While I intend to post many articles here discussing
narrative, I think it’s a good place to start as an example of how we
can analyze how an element of interactivity in video games shapes
the use of traditional art elements and molds the experience of the
player. New questions are possible in video game interpretation.
How do you strike a balance between maintaining a single coherent story without confining the player to a plot on rails? Do you need an in-game narrative to tell a story? Is it more important to provide a means of consistent characterization of your protagonist, or to provide a richly detailed world where you have more freedom of action and a more vaguely defined character?

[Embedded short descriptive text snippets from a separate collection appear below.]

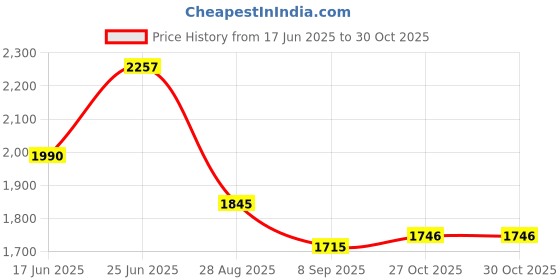 flipkart.com edtepy Club Floor Lamp edtepy Price History Graph from 17 Jun 2025 to 30 Oct 2025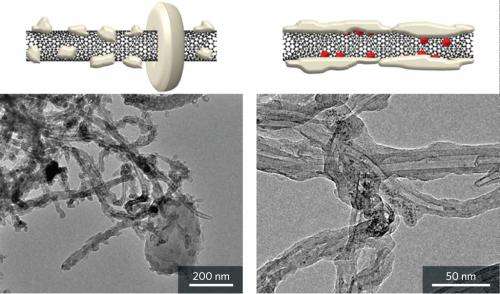 Nanotechnology gives a boost to next-generation batteries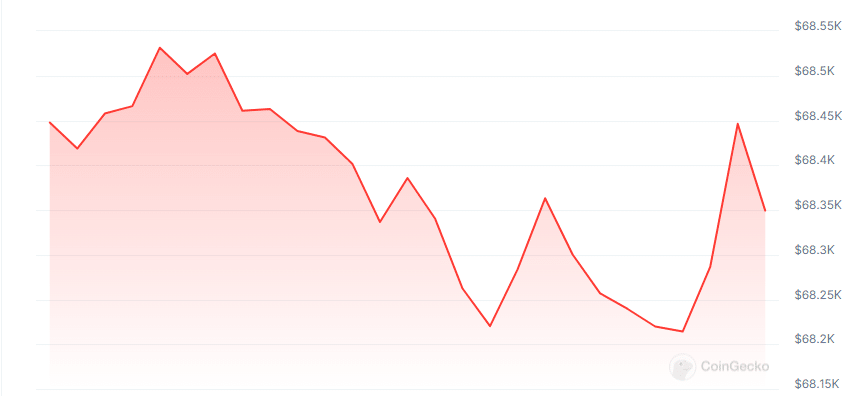 General layer btc price chart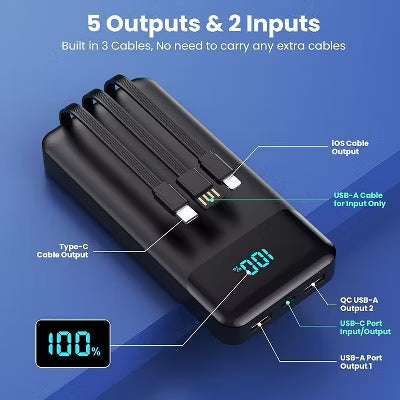 10,000mAh power bank supporting 1.5-hour fast charging; suitable for home backup, outdoor emergencies, and camping.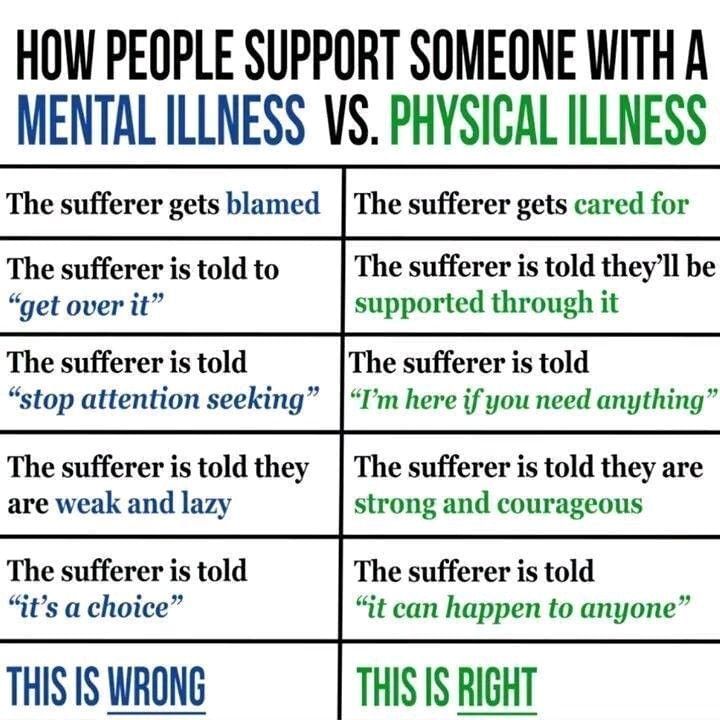 How People Support Someone With A Mental Illness Vs. Physical Illness?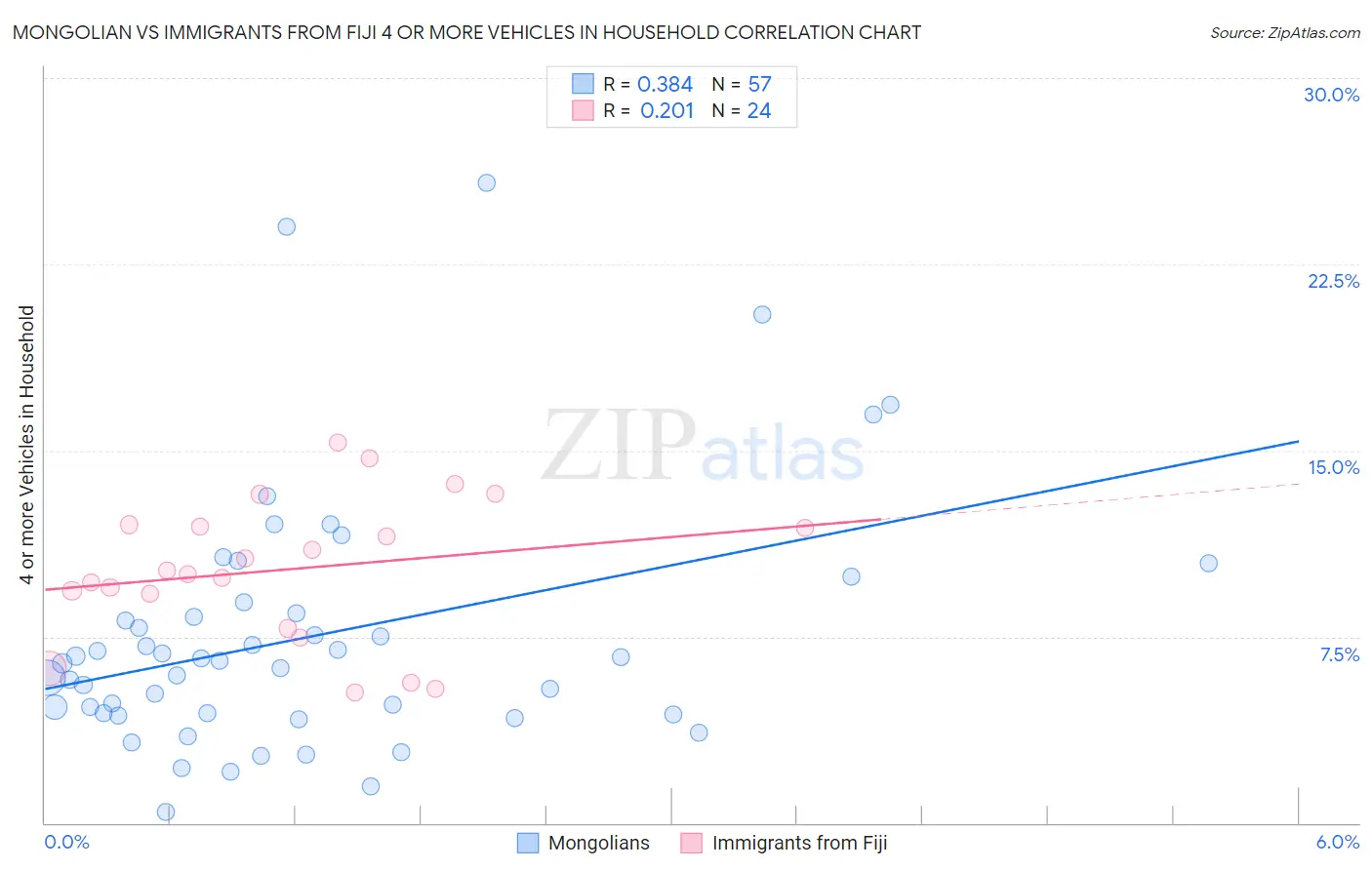 Mongolian vs Immigrants from Fiji 4 or more Vehicles in Household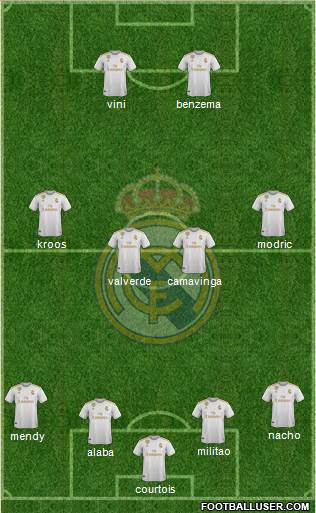 Real Madrid C.F. Formation 2022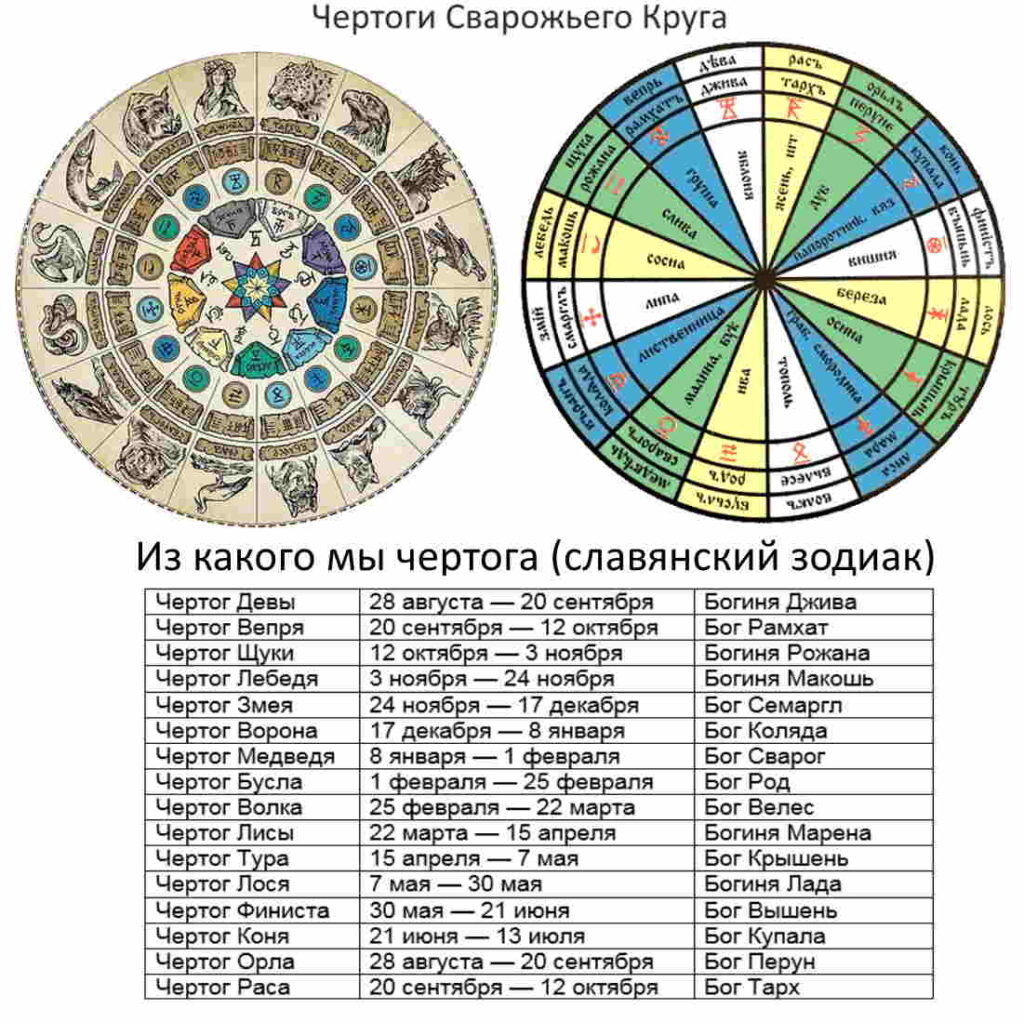 Славянские обереги, свастика и их значение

Creating games that fall on every end of this spectrum is an
important part of the video game market. I love classic adventure
games despite the plots on rails for the same reason I enjoy watching
my favorite movies and re-experiencing the narrative. I love
exploring Vvardenfell for its own sake, engaging the cultures of
Morrowind without touching the main plot, because the rest of the
writing and design of the game is simply much better than the core
plot. Exploring the styles and boundaries of interactive elements is
the chief innovation of video games as an artistic format.
Beyond narrative, the physical methods of interacting with
games is something almost entirely unique to the medium. Games change
as you press buttons, swing your arms, and speak into your microphone.
While it is true that the Pieta changed after a hammer and chisel were angrily swung into it in 1972,
this was not exactly viewed as an appropriate means of interacting
with it. Video games are defined by their interaction above anything
else, and I expect it to be a major subject of reviews to come.
Painting explores how we process visual ideas, writing explores
narrative ideas and the boundaries of language, and music explores
how we understand sound. because they combine so many of these
experiences, video games explore the synthesis of our senses. They
are near-complete imagination engines, and the interactive
dimension is what keeps them from being categorized as movies,
animations, soundtracks, and novels.
Rather than treat this as a barrier toward them being art, why not
explore it as a dimension to extend to other media? Joe Satriani’s “Crowd Chant”
is a rock guitar piece that requires audience participation.
Rocky Horror invites audiences to shout at characters and ob toast at
the screen. Ayn Rand’s play “Night of January the 16th”
requires audience members to sit on stage as the jury and decide
whether the person on trial is found guilty or innocent. Anish
Kapoor’s ‘Cloud Gate’ in Chicago challenges onlookers to create something beautiful in its reflective surfaces.
Interaction is another frontier of artistic innovation, and video games are the deepest exploration of it in art.